Abdullah Abdullah claims victory in Afghanistan election
Abdullah Abdullah, Afghanistan's chief executive and President Ashraf Ghani's top rival, has claimed victory after the first round of voting in the presidential election over the weekend, though official counting is still under way.
"We have the most votes in this election," Abdullah said at a news conference on Monday.
"The results will be announced by the IEC [Independent Election Commission], but we have the most votes. The election is not going to go to a second round."
Abdullah, who is seeking the presidency for the third time after losing in 2009 and 2014, said his team would "make the new government".
Abdullah has shared power with Ghani over the past five years in a so-called unity government formed by the United States in the wake of allegations of widespread fraud and corruption in the 2014 polls.

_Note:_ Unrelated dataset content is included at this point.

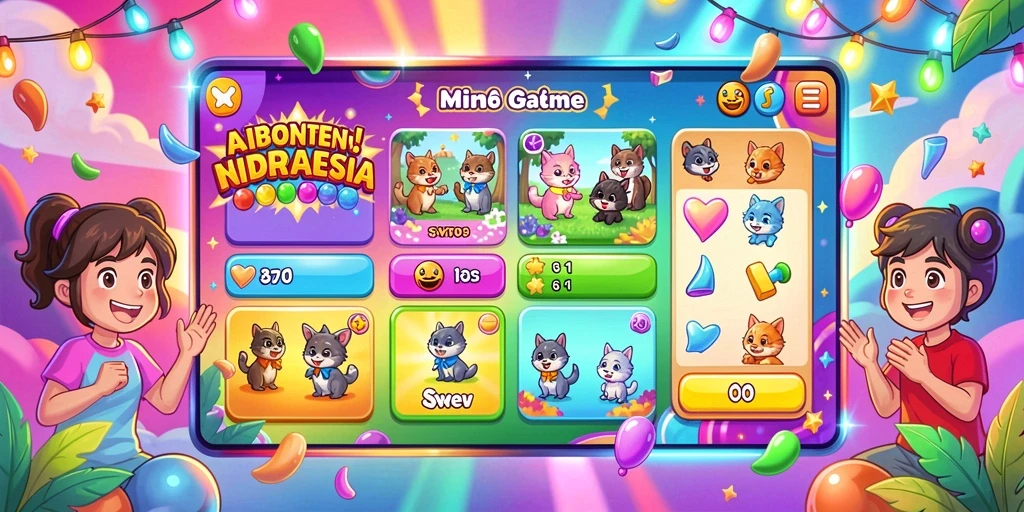 Fitur komunitas yang memungkinkan interaksi antar pengguna.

Electoral body slams Abdullah
Senior IEC official Habib Rahman Nang immediately slammed Abdullah's announcement as premature.
"No candidate has the right to declare himself the winner," he said. "According to the law, it is the IEC that decides who is the winner."
Results are not expected until October 19. Candidates need more than 50 percent of the vote to be declared an outright winner, or else the top two will head for a second round in November.
The vote held on Saturday saw a low turnout because of the threat of attacks, a muted campaign and concerns over fraud.
Election officials have said the result would be the purest yet, with equipment such as biometric fingerprint readers and better training for poll workers ensuring the vote was fair.
However, Abdullah claimed in Monday's remarks that "some government officials" meddled in the election process. He did not give any details on his allegation.
His remarks follow the release on social media of several videos purporting to show election workers stuffing ballots.
United Nations Secretary-General Antonio Guterres earlier commended "all Afghans who exercised their democratic voice", and "congratulates them on their commitment to selecting their leaders through the ballot box."
Authorities heralded Saturday's election as a success because the Taliban was unable to pull off a large-scale attack resulting in high casualty numbers, and there were fewer technical difficulties than some had feared.